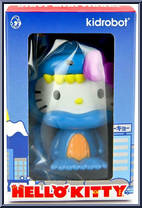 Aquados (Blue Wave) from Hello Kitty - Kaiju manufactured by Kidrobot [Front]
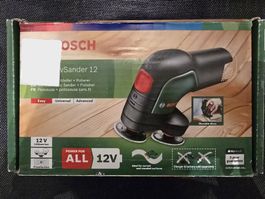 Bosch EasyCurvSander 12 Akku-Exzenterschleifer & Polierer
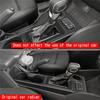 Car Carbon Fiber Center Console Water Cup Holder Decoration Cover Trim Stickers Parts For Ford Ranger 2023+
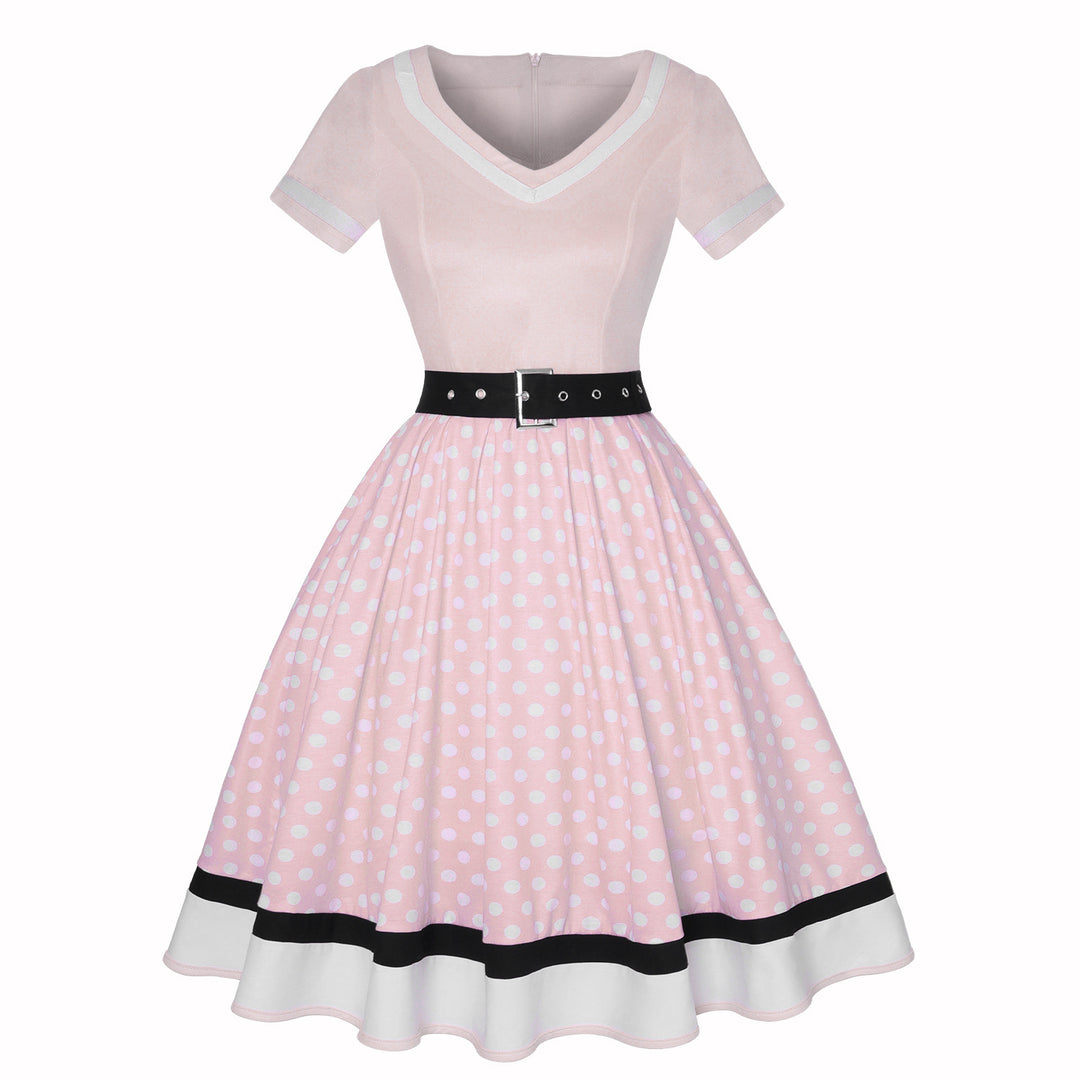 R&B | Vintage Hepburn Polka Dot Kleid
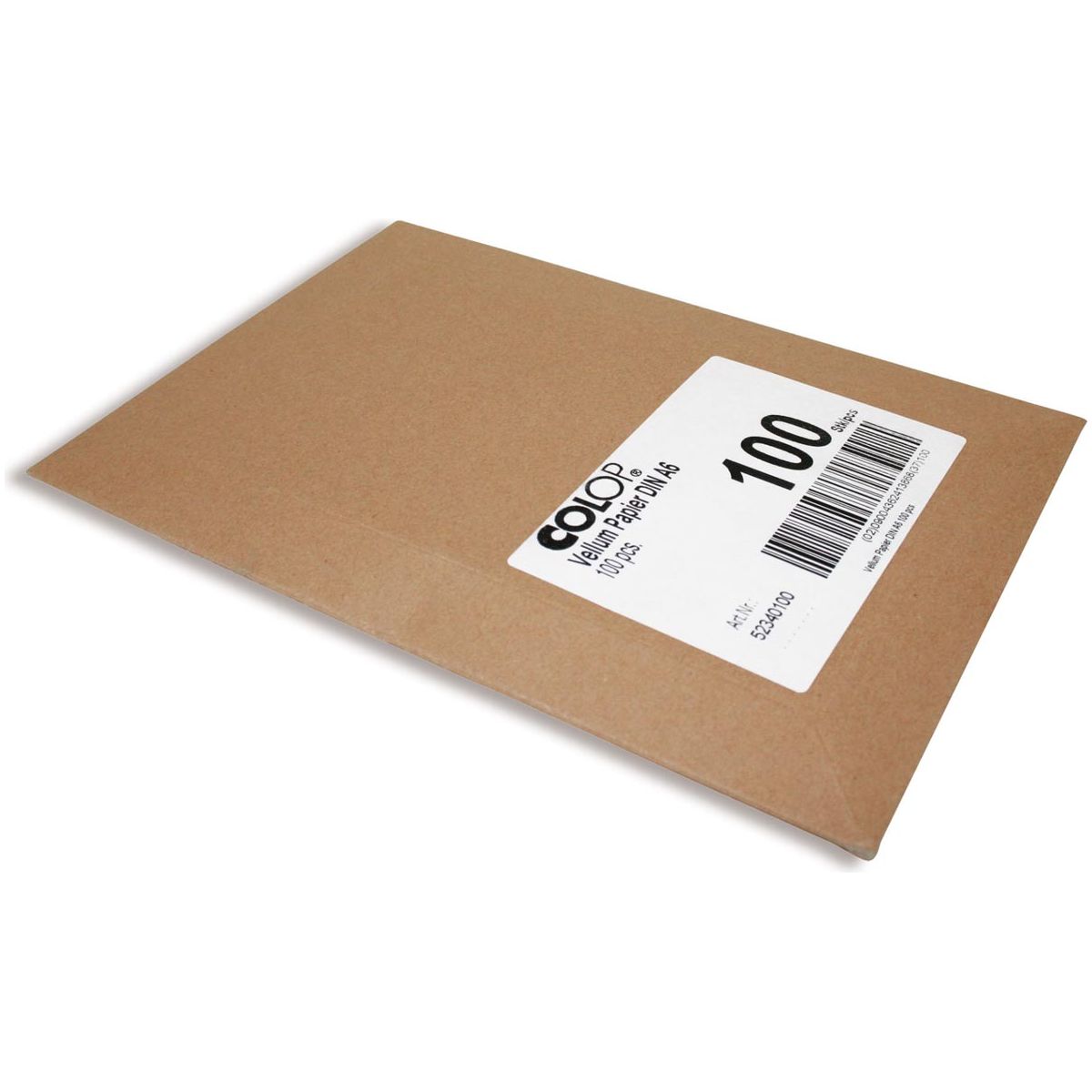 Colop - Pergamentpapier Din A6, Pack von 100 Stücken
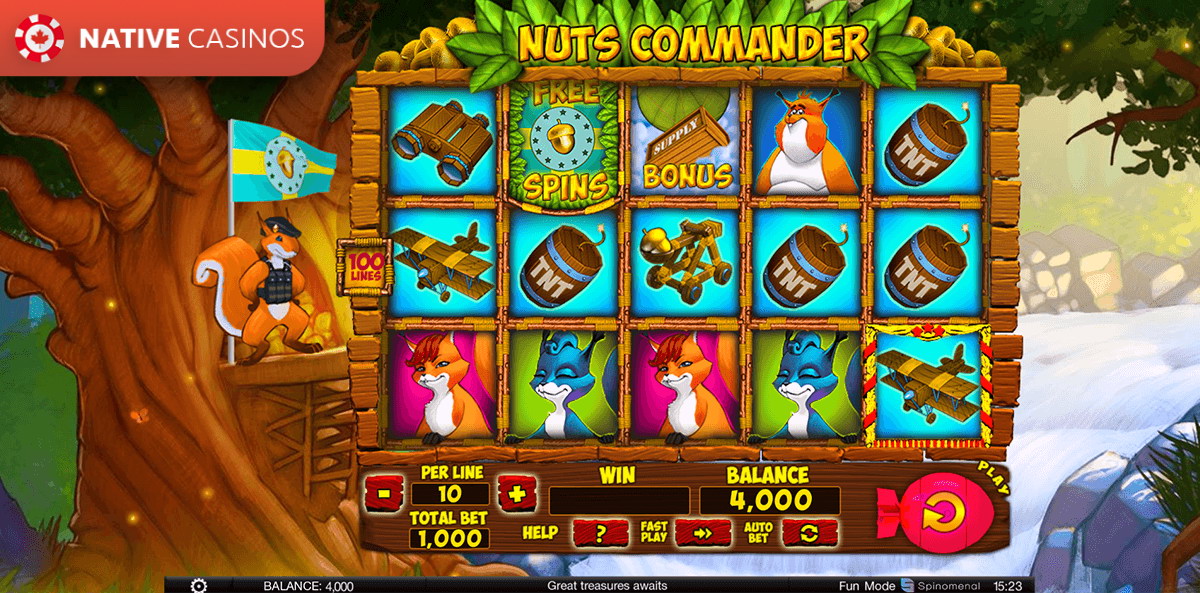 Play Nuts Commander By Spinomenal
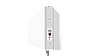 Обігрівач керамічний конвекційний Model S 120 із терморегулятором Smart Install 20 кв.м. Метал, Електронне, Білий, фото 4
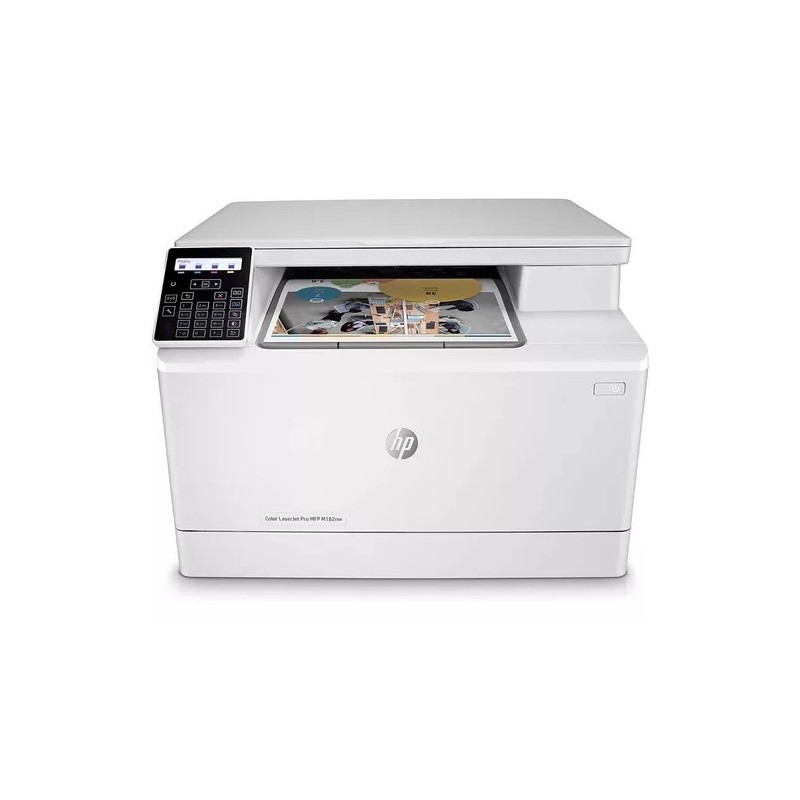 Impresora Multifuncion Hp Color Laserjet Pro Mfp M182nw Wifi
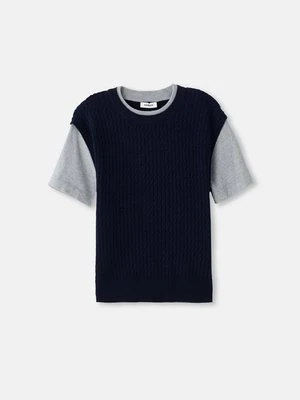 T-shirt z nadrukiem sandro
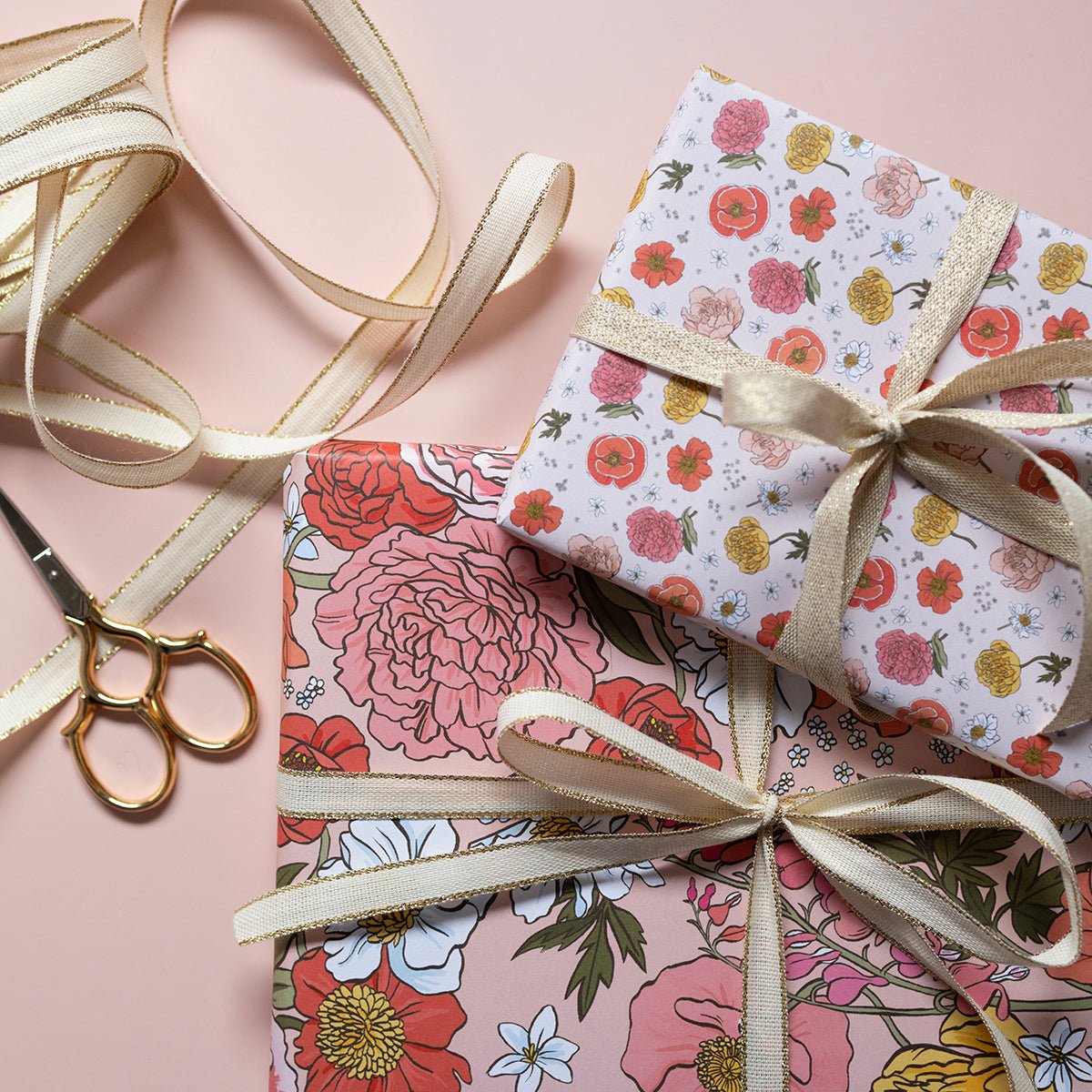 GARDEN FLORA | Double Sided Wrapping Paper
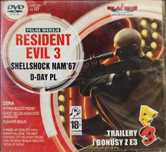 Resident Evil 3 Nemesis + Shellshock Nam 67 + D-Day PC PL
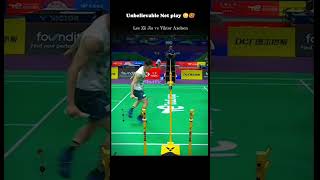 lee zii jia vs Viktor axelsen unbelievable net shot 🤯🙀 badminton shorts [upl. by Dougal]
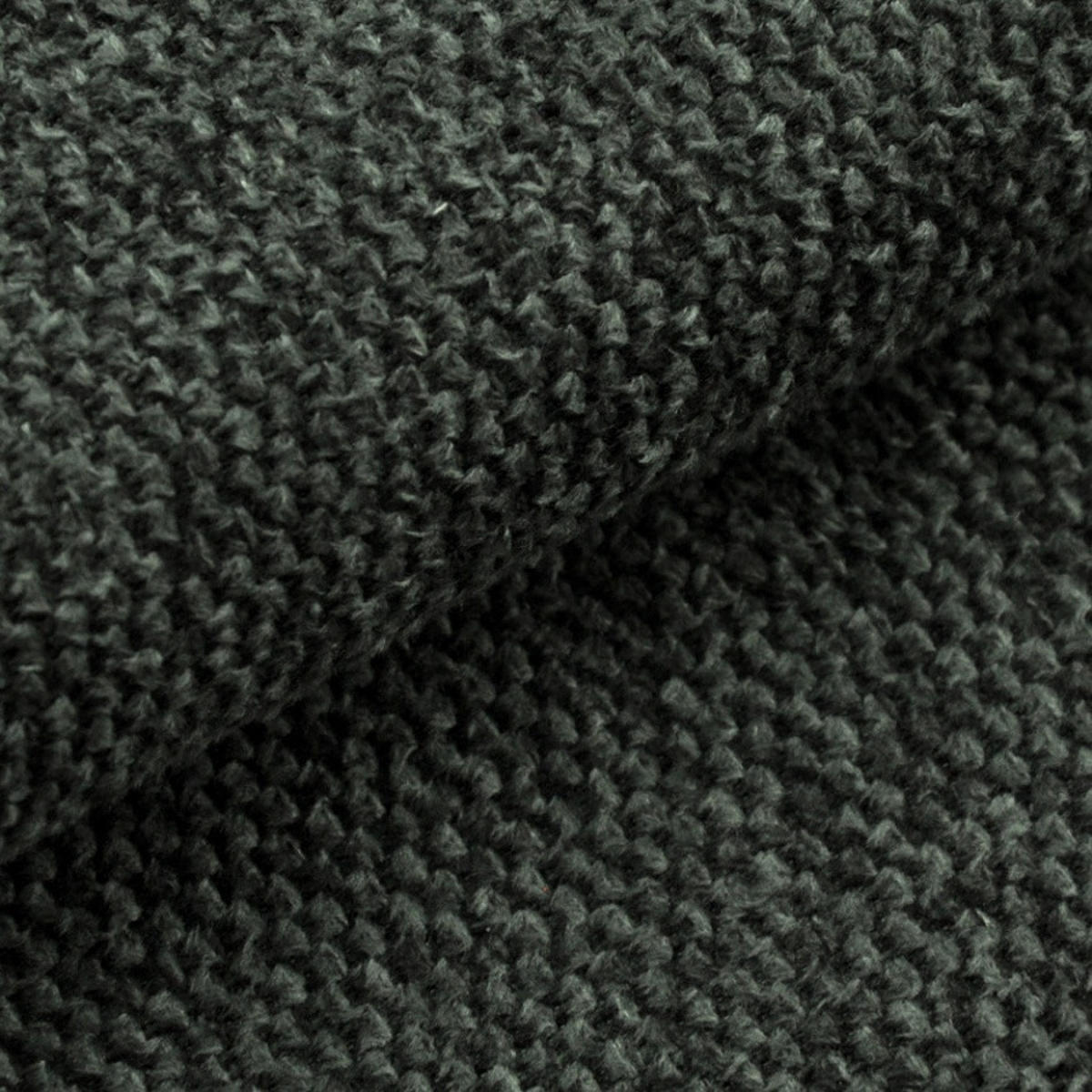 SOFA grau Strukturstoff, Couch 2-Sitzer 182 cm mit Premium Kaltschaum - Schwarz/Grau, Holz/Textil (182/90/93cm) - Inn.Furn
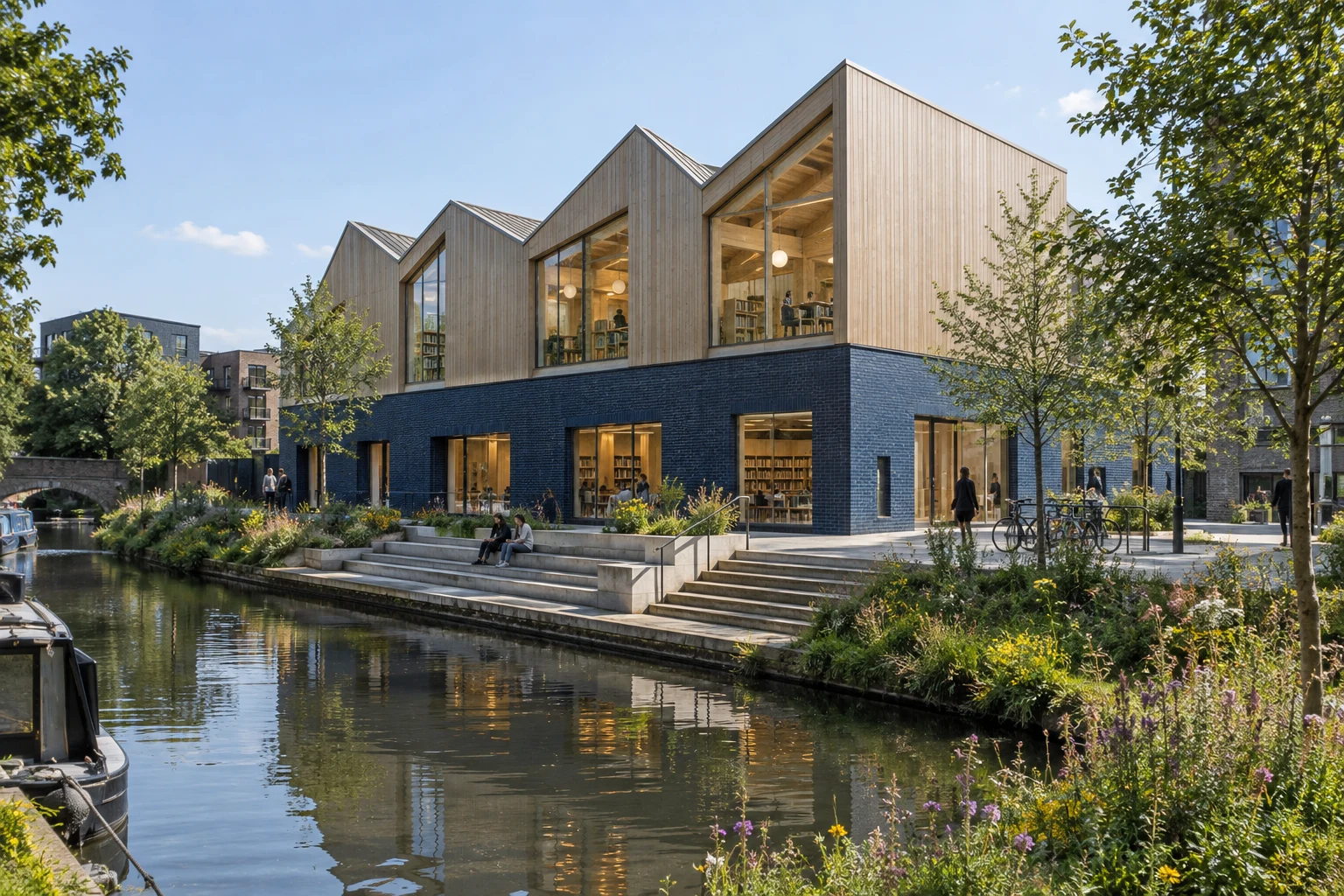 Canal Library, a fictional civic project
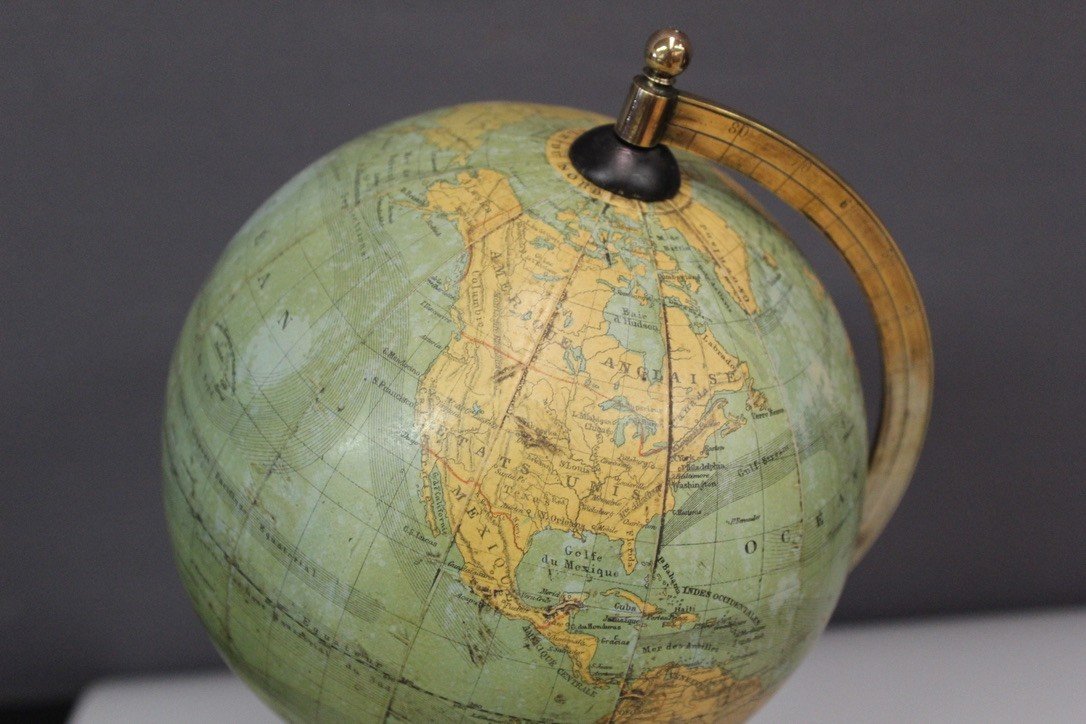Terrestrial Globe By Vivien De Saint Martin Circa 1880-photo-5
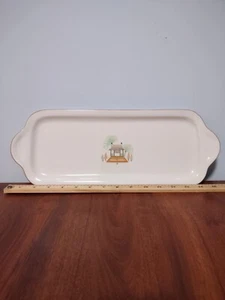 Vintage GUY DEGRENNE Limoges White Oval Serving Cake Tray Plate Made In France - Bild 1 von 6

## How to complete this task
Give an exact copy of the listing, without its pictures.

## Result of this task
 Aquados (Blue Wave) from Hello Kitty - Kaiju manufactured by Kidrobot [Front]
 Bosch EasyCurvSander 12 Akku-Exzenterschleifer & Polierer
 Car Carbon Fiber Center Console Water Cup Holder Decoration Cover Trim Stickers Parts For Ford Ranger 2023+
 R&B | Vintage Hepburn Polka Dot Kleid
 Colop - Pergamentpapier Din A6, Pack von 100 Stücken
 Play Nuts Commander By Spinomenal
 Обігрівач керамічний конвекційний Model S 120 із терморегулятором Smart Install 20 кв.м. Метал, Електронне, Білий, фото 4
 Impresora Multifuncion Hp Color Laserjet Pro Mfp M182nw Wifi
 T-shirt z nadrukiem sandro
 GARDEN FLORA | Double Sided Wrapping Paper
 Resident Evil 3 Nemesis + Shellshock Nam 67 + D-Day PC PL
 lee zii jia vs Viktor axelsen unbelievable net shot 🤯🙀 badminton shorts [upl. by Dougal]
 SOFA grau Strukturstoff, Couch 2-Sitzer 182 cm mit Premium Kaltschaum - Schwarz/Grau, Holz/Textil (182/90/93cm) - Inn.Furn
 Canal Library, a fictional civic project
Terrestrial Globe By Vivien De Saint Martin Circa 1880-photo-5
 Vintage GUY DEGRENNE Limoges White Oval Serving Cake Tray Plate Made In France - Bild 1 von 6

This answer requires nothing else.